Students who want to pursue the Commercial Entrepreneurship major at FSU PC are advised to take general education and prerequisite coursework requirements the first two years before diving into the two-year entrepreneurship curriculum. During the program, FSU PC students learn how to start and grow a micro-business, learn the advantages and costs of the various sources of venture capital, market research, and feasibility. Technology commercialization, financial analysis, legal issues, and human resource management also are covered. 

Though Hall received her B.S. in Professional Communication, she took education courses as electives to expand her career opportunities. After 15 years of working in marketing and public relations, she put her education courses to use.

Hall worked at Haney Technical Center for nine years, first as a career specialist, and then she transitioned to a business education teacher. She then briefly pursed an event planning and public relations opportunity before returning to teaching. But she has always had an interest in entrepreneurship and the possibilities it holds for her students.

“Being a teacher gave me the opportunity to have more time with my children,” said Hall, who has taught classes with former FSU classmates. “I still use marketing and communications skills every day as a teacher.”

“I ask my students, ‘Do you have a problem that comes up regularly that needs a creative solution?’ Almost every invention and everything we buy, starts with a problem,” Hall said. “My students have the opportunity to show me and themselves that their ideas can be successful.”

Her students also participate in the annual Invention Convention Entrepreneurship Fair sponsored by Bay District Schools with regional, state, national and global competitions. Hall is so confident in her students’ abilities that she has them practice penning their signature for a future patent. 

“It’s about being resourceful, doing research, and trying out ideas in multiple ways to come up with the most efficient and cost-effective way to problem solve,” Hall said.

Hall’s parents didn’t pursue college educations after high school because it wasn’t an option, but they had a different plan for her.
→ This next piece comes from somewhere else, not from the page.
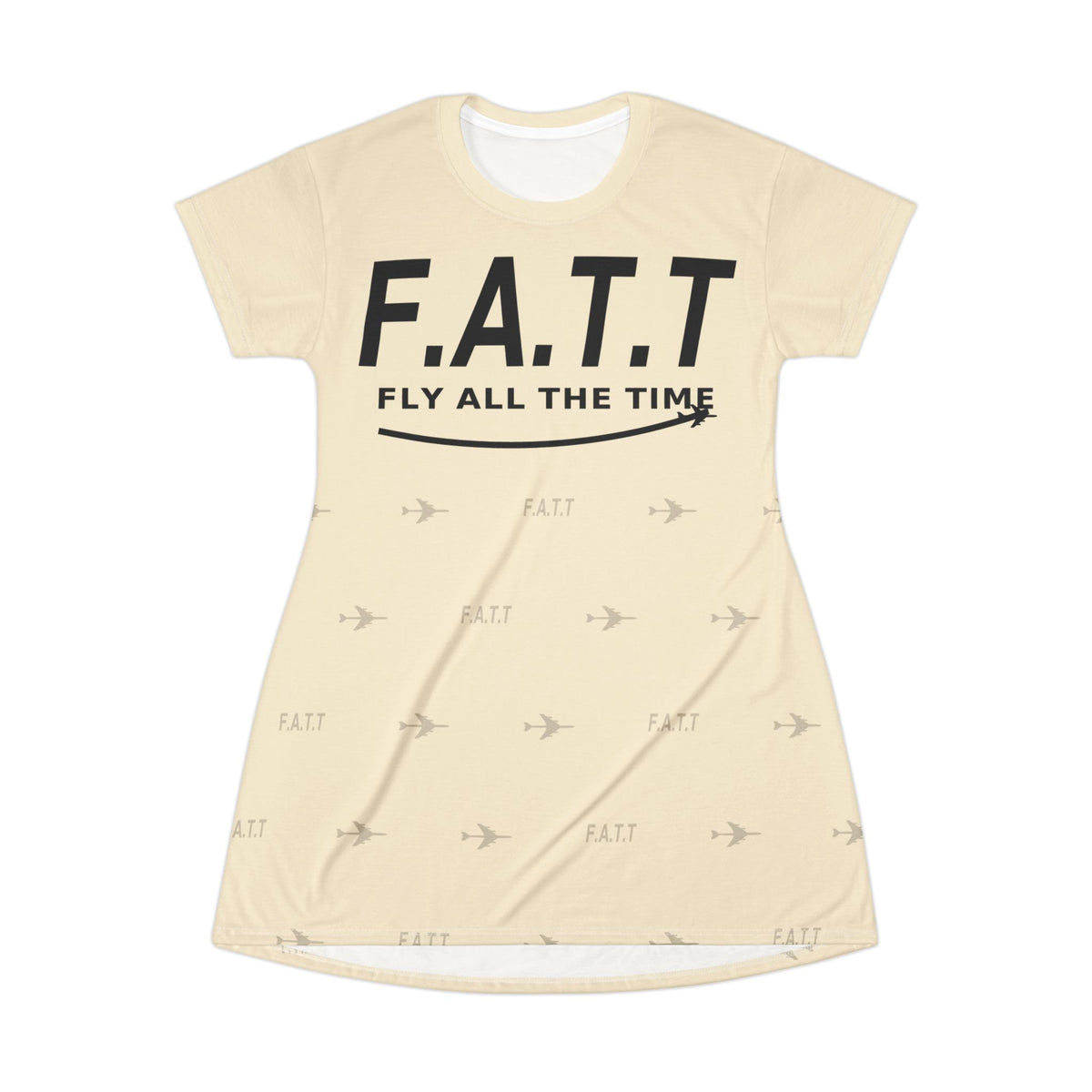 F.A.T.T Women's Flight T-Shirt Dress — Ivory / Black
She added that her father had the opportunity later in life to graduate from Chipola Jr. College when the papermill closed in Port St. Joe, where he worked for more than 30 years.

“In my house, it was not if, but when you go to college,” Hall said.

After graduation from Blountstown High School, Hall obtained her A.A. at Chipola Jr. College. She then transferred to FSU PC, where she received a W.T. Neal Scholarship that paid for her books and tuition.

“I had moved away from home in Kinard and lived in an apartment in Panama City,” Hall said. “There was no way that I could have attended college without this scholarship.”

Hall worked full-time — from 7 a.m. to 4 p.m. — at Aluminum Builders in Panama City during the day while taking 12 credit hours at night each semester at FSU PC. 

“I had an hour to eat dinner and change clothes before class,” said Hall, who added it didn’t feel like extra work at the time, because she enjoyed her courses. 

Hall became an ambassador for Seminole spirit at FSU PC, connecting with classmates and seizing opportunities in the community, including an internship with the March of Dimes. Her commitment to FSU PC continued after graduation. Hall helped start FSU PC’s first Alumni Club in 2001 and served as the inaugural president for the first two terms. In 2003, she ran the first leg of the Torch Run in 2003 at the Homecoming Celebration on the FSU PC campus.

“It was a free family event with food, bouncy castles, pony rides,” said Hall, as she shared photos and her FSU PC memories. “My Dad even made boiled peanuts.”